Un grand maladroit timide.
Un encore plus grand carrément super à l'aise.
Voilà qui est déroutant pour moi qui me suis tenu à l'écart des gens probablement pendant une trop longue période. MAIS : suis-je réellement bien placé pour les juger ? Je ne crois pas. J'ai le doigt de l'un sur le front, la main de l'autre dans la mienne et je me sens dépassé. Mais je gère hein. Mais je me sens dépassé. Tu vois le truc ? La place sur mon front est libre, je frotte la trace avec ma main comme si il y avait la moindre chance qu'elle s'efface de la sorte. Le plus grand des deux qui semble plus sociable que l'autre fait les présentations. Lawrence et Alfredo, donc. Mon regard va de l'un à l'autre et alors que je m'apprête à me présenter à mon tour sans qu'on me le demande, nous sommes contraints de nous déplacer pour ne pas rester dans le passage. Puis je suis pris de cours par le regard d'Alfredo qui ne quitte désormais plus la marque sur mon front du regard. Il a l'air étrangement neutre mais… Il la regarde vraiment beaucoup. Est-ce qu'il est en train de faire une fixation dessus et de se faire des films ? Je ne saurais dire mais… Je ne peux m'empêcher d'y appliquer de nouveau ma main sans vraiment réaliser qu'à force d'y toucher, je pourrais bien empirer l'état de cet hématome.

« Mnh… La porte de ma cuisine n'était pas exactement là où j'avais prévu qu'elle serait… » marmonnais-je pour expliquer la présence de cette vilaine trace. « Et je m'appelle Kim. C'est le diminutif de… Ben… Rien du tout en fait. Je m'appelle juste Kim. »

Je ne sais pas pourquoi j'ai dit ça. Bon sang. Enfin si, je sais.
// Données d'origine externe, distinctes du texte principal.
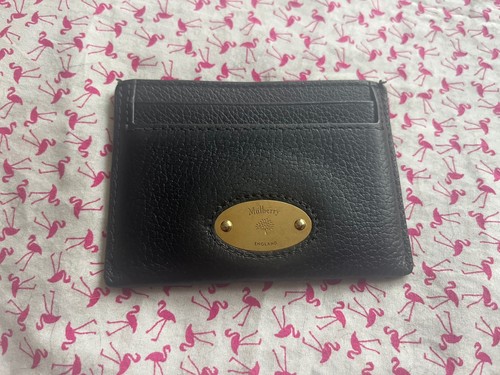 Mulberry black leather credit - mulberry,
Je suis juste le genre de personne qui a souvent tendance à parler pour ne rien dire, juste parce que le vide me fait un peu peur à certains moments. Comme au moment présent. Je veux dire… Je suis venu seul, mais maintenant que je suis face à eux, je n'ai pas envie qu'ils me laissent. Mais ça reste un peu délicat, je ne sais pas qui ils sont, je ne sais pas s'ils sont amis ou en couple, je ne vais pas m'incruster entre eux. Mon regard de fatigué se pose sur le plus petit des deux à qui j'adresse un sourire franc, lâchant un petit rire par la même occasion.

« J'avoue. Mais ne t'inquiètes pas, moi j'ai l'air con avec ma trace sur le front et ça va durer plus longtemps. » je grimace légèrement pendant une petite seconde avant que mon sourire ne revienne prendre place sur mon visage. « J'ai cru comprendre que vous êtes venus ensemble ? C'est vrai que c'est une bonne idée, j'aurais dû demander à quelqu'un de m'accompagner moi aussi. »
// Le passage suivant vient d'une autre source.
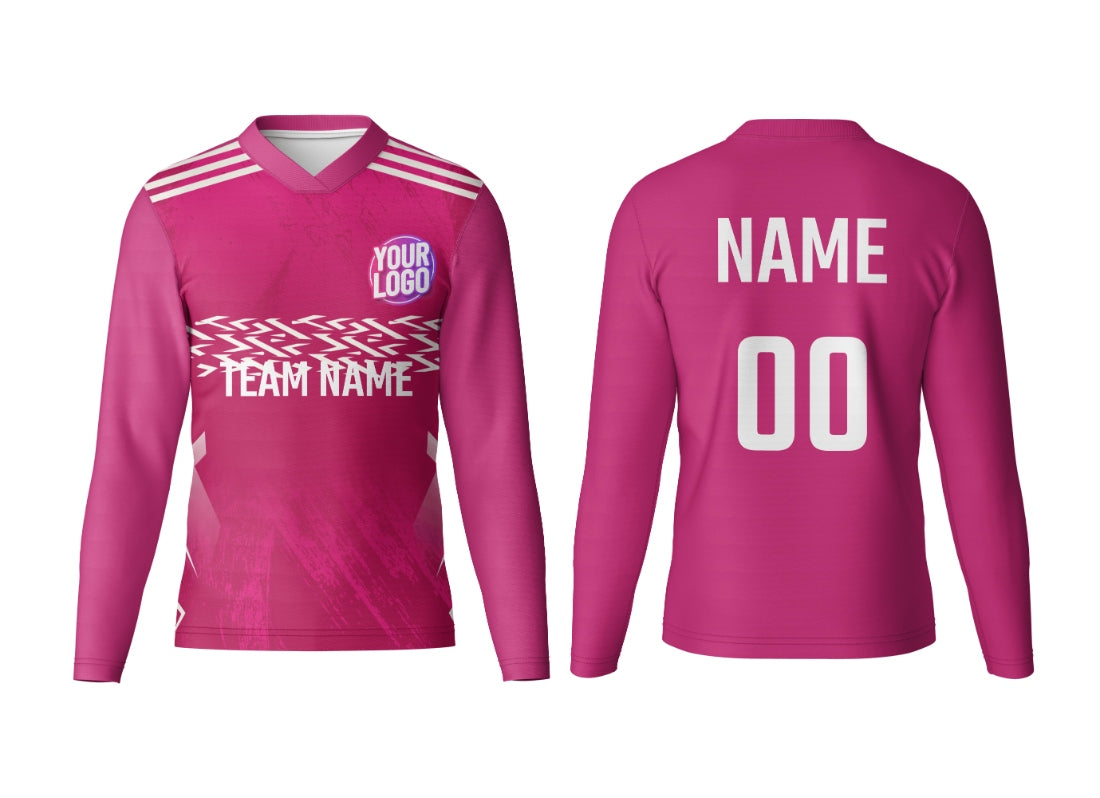 Personalized Squad V Neck Full Sleeve Jersey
Pourquoi ne l'ai-je pas fait ? Eh bien… Figure toi que je n'y ai tout simplement pas pensé. Mais quand je les vois tous les deux, ça me semble plutôt évident que c'était une bonne idée.

« Vous vous connaissez depuis longtemps ? »

Moi, j'en ai tout l'impression. Je les trouve assortis d'une façon un peu particulière. Ils ne se ressemblent pas vraiment, c'est sûr et certain, mais ils ont l'air de se compléter l'un l'autre. Je dois admettre que c'est très agréable à voir.